• TASK GOAL
Please reproduce the following records exactly as they appear.

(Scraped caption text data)

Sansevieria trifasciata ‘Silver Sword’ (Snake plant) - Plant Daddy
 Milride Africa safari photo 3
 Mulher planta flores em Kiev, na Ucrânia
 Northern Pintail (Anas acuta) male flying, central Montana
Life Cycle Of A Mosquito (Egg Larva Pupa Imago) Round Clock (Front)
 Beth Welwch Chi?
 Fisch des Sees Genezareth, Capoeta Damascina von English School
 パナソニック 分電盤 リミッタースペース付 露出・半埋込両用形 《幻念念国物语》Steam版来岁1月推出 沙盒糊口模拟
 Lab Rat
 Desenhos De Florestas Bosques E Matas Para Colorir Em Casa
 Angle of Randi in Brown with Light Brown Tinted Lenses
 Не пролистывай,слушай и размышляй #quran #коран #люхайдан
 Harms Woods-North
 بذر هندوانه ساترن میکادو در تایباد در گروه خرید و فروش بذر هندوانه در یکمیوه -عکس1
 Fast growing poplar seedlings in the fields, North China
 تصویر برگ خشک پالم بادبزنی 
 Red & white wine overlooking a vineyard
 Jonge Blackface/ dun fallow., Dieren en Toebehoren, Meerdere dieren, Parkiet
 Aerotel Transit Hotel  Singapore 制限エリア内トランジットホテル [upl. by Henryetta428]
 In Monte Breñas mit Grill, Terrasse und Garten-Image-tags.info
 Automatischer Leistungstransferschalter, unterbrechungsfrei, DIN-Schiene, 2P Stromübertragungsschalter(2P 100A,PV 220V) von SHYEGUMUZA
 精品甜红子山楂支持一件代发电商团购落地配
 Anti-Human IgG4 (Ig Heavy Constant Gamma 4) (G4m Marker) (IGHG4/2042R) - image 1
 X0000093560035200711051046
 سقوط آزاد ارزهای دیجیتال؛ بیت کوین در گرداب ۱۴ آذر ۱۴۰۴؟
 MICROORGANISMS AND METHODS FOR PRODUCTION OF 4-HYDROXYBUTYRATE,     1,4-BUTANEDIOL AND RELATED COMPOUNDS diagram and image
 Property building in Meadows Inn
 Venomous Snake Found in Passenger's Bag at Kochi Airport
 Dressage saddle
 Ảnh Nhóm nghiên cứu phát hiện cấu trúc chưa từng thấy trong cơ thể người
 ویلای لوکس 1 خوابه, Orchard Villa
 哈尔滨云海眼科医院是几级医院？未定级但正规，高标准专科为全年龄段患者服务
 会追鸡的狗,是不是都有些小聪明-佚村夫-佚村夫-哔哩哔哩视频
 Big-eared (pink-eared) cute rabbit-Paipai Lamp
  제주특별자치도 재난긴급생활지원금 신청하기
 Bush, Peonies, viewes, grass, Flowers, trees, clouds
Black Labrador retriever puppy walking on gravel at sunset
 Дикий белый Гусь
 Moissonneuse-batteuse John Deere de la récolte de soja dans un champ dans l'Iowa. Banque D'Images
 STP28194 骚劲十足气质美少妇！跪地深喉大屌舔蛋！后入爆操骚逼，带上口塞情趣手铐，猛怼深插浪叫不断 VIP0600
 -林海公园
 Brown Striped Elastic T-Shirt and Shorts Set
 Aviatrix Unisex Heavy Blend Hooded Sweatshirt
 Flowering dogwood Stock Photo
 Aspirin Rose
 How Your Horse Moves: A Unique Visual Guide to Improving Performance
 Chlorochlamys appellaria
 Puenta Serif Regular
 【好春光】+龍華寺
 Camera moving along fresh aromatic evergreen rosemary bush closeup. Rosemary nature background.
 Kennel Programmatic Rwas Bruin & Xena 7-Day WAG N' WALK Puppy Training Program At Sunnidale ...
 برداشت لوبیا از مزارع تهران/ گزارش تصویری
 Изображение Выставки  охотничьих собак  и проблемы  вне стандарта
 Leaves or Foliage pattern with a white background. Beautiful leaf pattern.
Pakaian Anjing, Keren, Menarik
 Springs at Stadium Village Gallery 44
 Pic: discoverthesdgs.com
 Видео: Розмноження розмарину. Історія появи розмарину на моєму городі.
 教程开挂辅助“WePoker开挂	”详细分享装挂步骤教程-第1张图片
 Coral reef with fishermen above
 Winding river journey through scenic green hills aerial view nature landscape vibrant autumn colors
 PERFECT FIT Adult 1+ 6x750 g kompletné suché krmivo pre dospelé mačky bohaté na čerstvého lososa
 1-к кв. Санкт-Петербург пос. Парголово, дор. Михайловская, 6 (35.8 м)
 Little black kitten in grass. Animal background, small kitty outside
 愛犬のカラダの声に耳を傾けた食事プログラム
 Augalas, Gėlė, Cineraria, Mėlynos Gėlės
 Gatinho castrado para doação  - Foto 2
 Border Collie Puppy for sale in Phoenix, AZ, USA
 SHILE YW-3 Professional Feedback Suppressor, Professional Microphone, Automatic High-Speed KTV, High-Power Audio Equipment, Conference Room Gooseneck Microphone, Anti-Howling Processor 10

• SOLUTION
Sansevieria trifasciata ‘Silver Sword’ (Snake plant) - Plant Daddy
 Milride Africa safari photo 3
 Mulher planta flores em Kiev, na Ucrânia
 Northern Pintail (Anas acuta) male flying, central Montana
Life Cycle Of A Mosquito (Egg Larva Pupa Imago) Round Clock (Front)
 Beth Welwch Chi?
 Fisch des Sees Genezareth, Capoeta Damascina von English School
 パナソニック 分電盤 リミッタースペース付 露出・半埋込両用形 《幻念念国物语》Steam版来岁1月推出 沙盒糊口模拟
 Lab Rat
 Desenhos De Florestas Bosques E Matas Para Colorir Em Casa
 Angle of Randi in Brown with Light Brown Tinted Lenses
 Не пролистывай,слушай и размышляй #quran #коран #люхайдан
 Harms Woods-North
 بذر هندوانه ساترن میکادو در تایباد در گروه خرید و فروش بذر هندوانه در یکمیوه -عکس1
 Fast growing poplar seedlings in the fields, North China
 تصویر برگ خشک پالم بادبزنی 
 Red & white wine overlooking a vineyard
 Jonge Blackface/ dun fallow., Dieren en Toebehoren, Meerdere dieren, Parkiet
 Aerotel Transit Hotel  Singapore 制限エリア内トランジットホテル [upl. by Henryetta428]
 In Monte Breñas mit Grill, Terrasse und Garten-Image-tags.info
 Automatischer Leistungstransferschalter, unterbrechungsfrei, DIN-Schiene, 2P Stromübertragungsschalter(2P 100A,PV 220V) von SHYEGUMUZA
 精品甜红子山楂支持一件代发电商团购落地配
 Anti-Human IgG4 (Ig Heavy Constant Gamma 4) (G4m Marker) (IGHG4/2042R) - image 1
 X0000093560035200711051046
 سقوط آزاد ارزهای دیجیتال؛ بیت کوین در گرداب ۱۴ آذر ۱۴۰۴؟
 MICROORGANISMS AND METHODS FOR PRODUCTION OF 4-HYDROXYBUTYRATE,     1,4-BUTANEDIOL AND RELATED COMPOUNDS diagram and image
 Property building in Meadows Inn
 Venomous Snake Found in Passenger's Bag at Kochi Airport
 Dressage saddle
 Ảnh Nhóm nghiên cứu phát hiện cấu trúc chưa từng thấy trong cơ thể người
 ویلای لوکس 1 خوابه, Orchard Villa
 哈尔滨云海眼科医院是几级医院？未定级但正规，高标准专科为全年龄段患者服务
 会追鸡的狗,是不是都有些小聪明-佚村夫-佚村夫-哔哩哔哩视频
 Big-eared (pink-eared) cute rabbit-Paipai Lamp
  제주특별자치도 재난긴급생활지원금 신청하기
 Bush, Peonies, viewes, grass, Flowers, trees, clouds
Black Labrador retriever puppy walking on gravel at sunset
 Дикий белый Гусь
 Moissonneuse-batteuse John Deere de la récolte de soja dans un champ dans l'Iowa. Banque D'Images
 STP28194 骚劲十足气质美少妇！跪地深喉大屌舔蛋！后入爆操骚逼，带上口塞情趣手铐，猛怼深插浪叫不断 VIP0600
 -林海公园
 Brown Striped Elastic T-Shirt and Shorts Set
 Aviatrix Unisex Heavy Blend Hooded Sweatshirt
 Flowering dogwood Stock Photo
 Aspirin Rose
 How Your Horse Moves: A Unique Visual Guide to Improving Performance
 Chlorochlamys appellaria
 Puenta Serif Regular
 【好春光】+龍華寺
 Camera moving along fresh aromatic evergreen rosemary bush closeup. Rosemary nature background.
 Kennel Programmatic Rwas Bruin & Xena 7-Day WAG N' WALK Puppy Training Program At Sunnidale ...
 برداشت لوبیا از مزارع تهران/ گزارش تصویری
 Изображение Выставки  охотничьих собак  и проблемы  вне стандарта
 Leaves or Foliage pattern with a white background. Beautiful leaf pattern.
Pakaian Anjing, Keren, Menarik
 Springs at Stadium Village Gallery 44
 Pic: discoverthesdgs.com
 Видео: Розмноження розмарину. Історія появи розмарину на моєму городі.
 教程开挂辅助“WePoker开挂	”详细分享装挂步骤教程-第1张图片
 Coral reef with fishermen above
 Winding river journey through scenic green hills aerial view nature landscape vibrant autumn colors
 PERFECT FIT Adult 1+ 6x750 g kompletné suché krmivo pre dospelé mačky bohaté na čerstvého lososa
 1-к кв. Санкт-Петербург пос. Парголово, дор. Михайловская, 6 (35.8 м)
 Little black kitten in grass. Animal background, small kitty outside
 愛犬のカラダの声に耳を傾けた食事プログラム
 Augalas, Gėlė, Cineraria, Mėlynos Gėlės
 Gatinho castrado para doação  - Foto 2
 Border Collie Puppy for sale in Phoenix, AZ, USA
 SHILE YW-3 Professional Feedback Suppressor, Professional Microphone, Automatic High-Speed KTV, High-Power Audio Equipment, Conference Room Gooseneck Microphone, Anti-Howling Processor 10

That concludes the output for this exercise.